Now just so you know, I am not totally against disposables. Like I said, I used them for almost 2 months when my daughter was first born because she was small and did not fit into the cloth diapers I had. Then when she could almost fit we both got thrush and I did not want to have to worry about having a yeast problem in my diapers. As soon as we were both cured I put her in the cloth ones.  I have also used disposables a few times this winter when my husband and I took a trip up to Vermont. I did not want to have to worry about not having a place to rinse the diapers off when my daughter pooped. I also did not want dirty diapers sitting there over a long weekend and then have to worry about washing them first thing when I got home.  There are a few low chemical/ natural brands of disposables these days to choose from.  I’m not going to lie, when the baby is first born using cloth can be overwhelming just because of the sheer volume of diapers you will go through. That new baby is a peeing and pooping machine. It does get much easier as they get older and you have more practice with the diapers. I’m so glad I decided to give them a try and stick with them.  I can’t imagine having to buy boxes of diapers all the time. It’s hard enough for me to get to BJ’s to buy a box of wipes. Maybe I should start doing cloth wipes. ;-).

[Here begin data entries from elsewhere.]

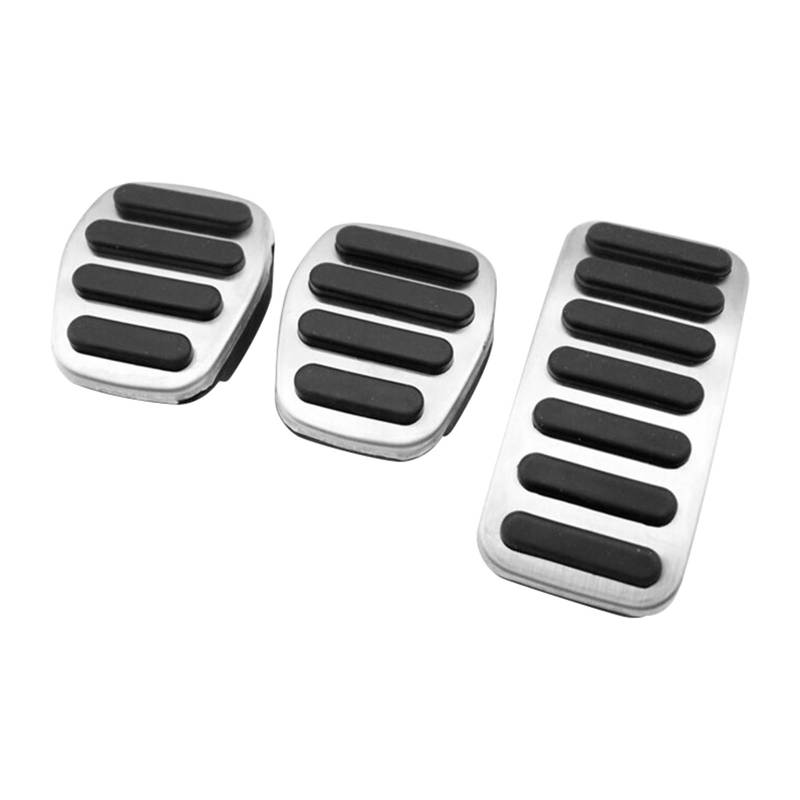 Auto Pedalauflagen Für Volvo Für S40 V40 C30 XC30 Auto Fuß Gaspedal Cluth Bremspedale Abdeckung Pads Auto Pedal Pad Abdeckung Bremse Pedalkappen(MT 3pcs) von AKFMKSN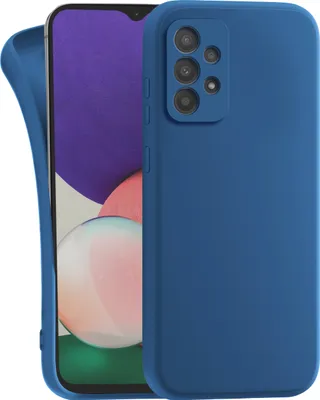Produktbild von MyGadget Silikon Hülle Kompatibel mit Samsung Galaxy A73 5G - robuste Schutzhülle TPU Case Slim Silikonhülle - Back Cover Kratzfest Handyhülle - Matt Dunkelblau
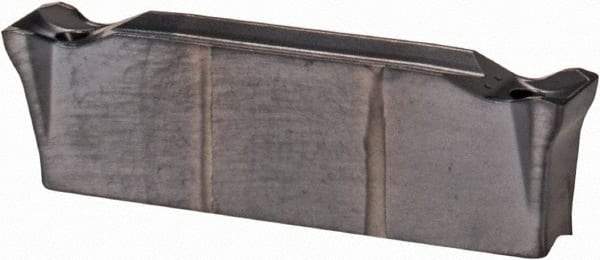 Iscar - 3102DGNC C Grade IC908, 3.1mm Cutting Width Carbide Grooving Insert - 18mm Max Depth of Cut, Neutral, 0.2mm Corner Radius, TiN/TiAlN Finish - Apex Tool & Supply
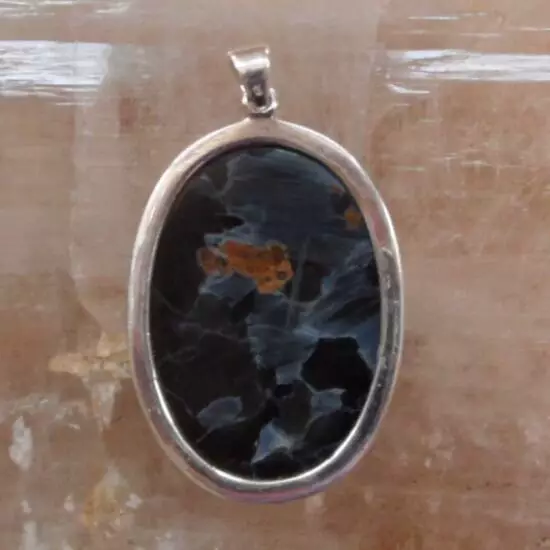 Pietersite Pendant back view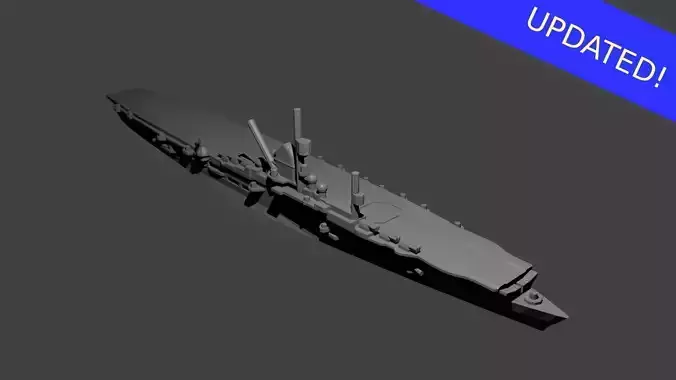 German Graf Zeppelin Class Aircraft Carrier 3D print model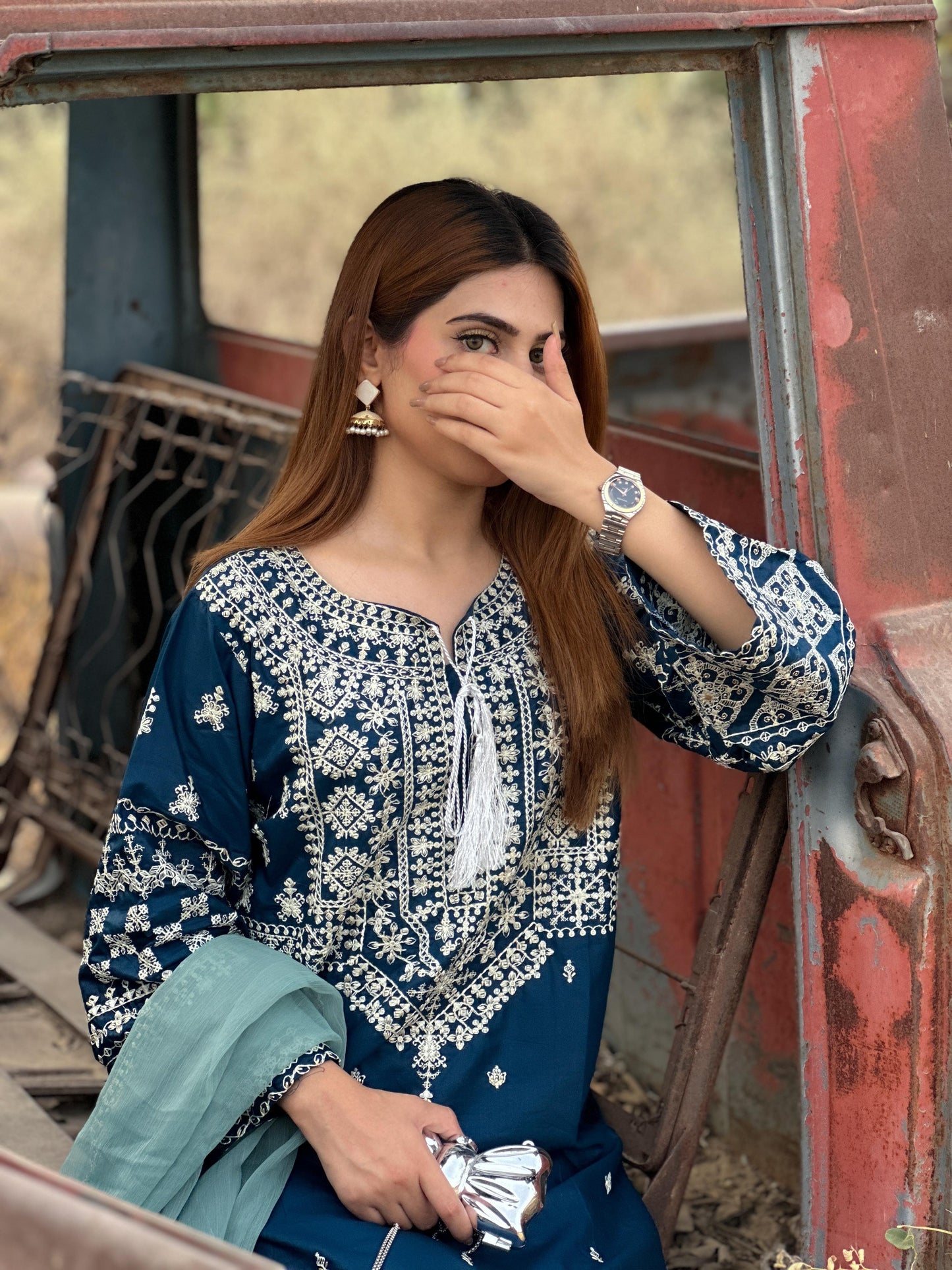 ZARA EMBROIDERED 3PC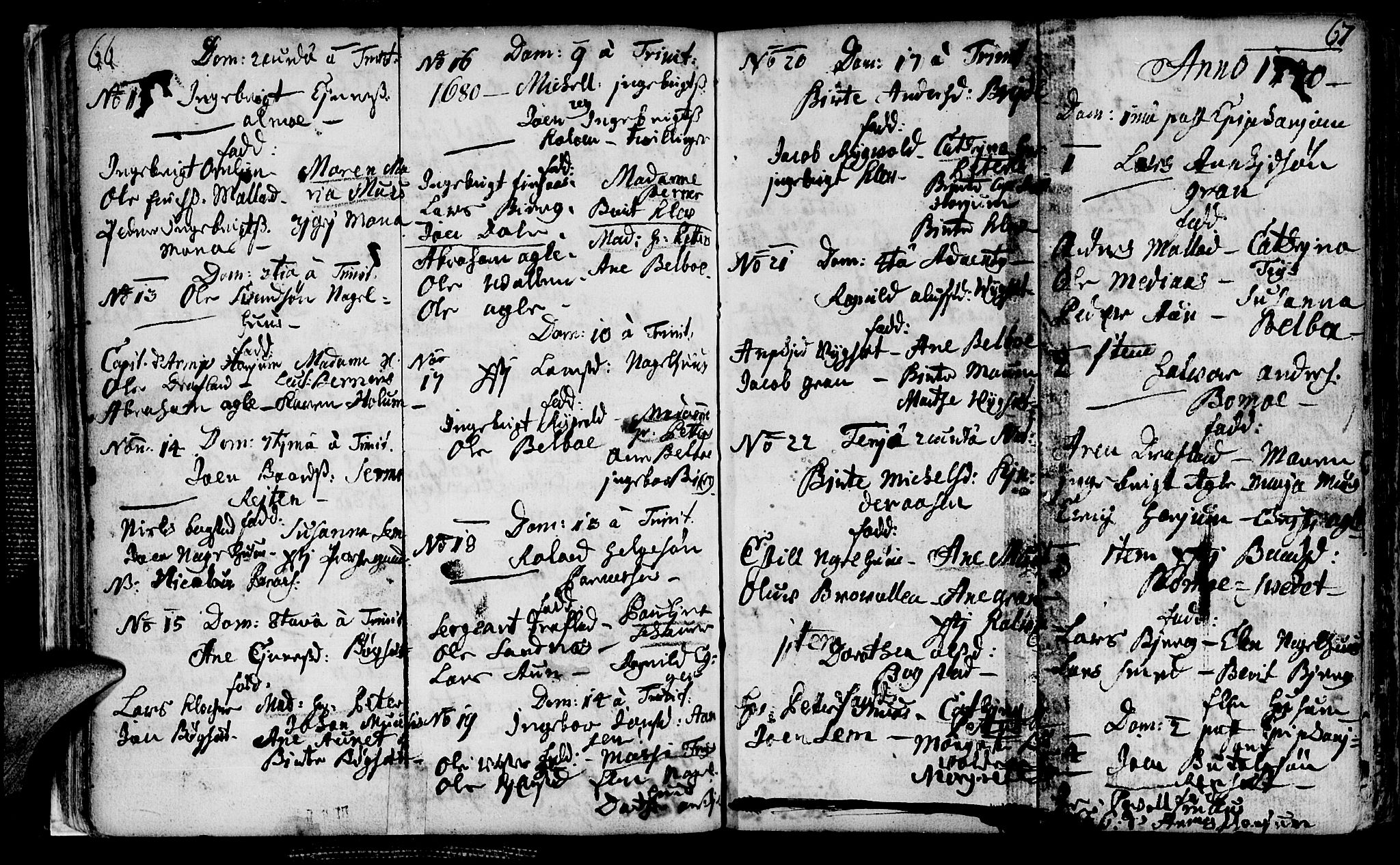 Ministerialprotokoller, klokkerbøker og fødselsregistre - Nord-Trøndelag, SAT/A-1458/749/L0467: Parish register (official) no. 749A01, 1733-1787, p. 66-67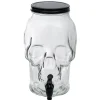 Distributeur de boisson tête de mort en verre 5L^Gifi Outlet
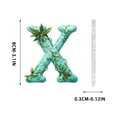thumbnail image 3 of 26 Alphabet Series 2D Acrylic Backpack Car Pendant Decoration Ornament, 3 of 7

Whatever you decide to do , do what is right for you! If you want to try a few, go for it.  If you want to use disposables when you go on a trip, do so. There’s no cloth diaper nazi who’s going to tell you what you’re doing is wrong. (If there is a cloth diaper nazi reading this, please don’t comment on my blog telling me I’m doing it wrong.)

I hope this helps make cloth diapering a little less scary.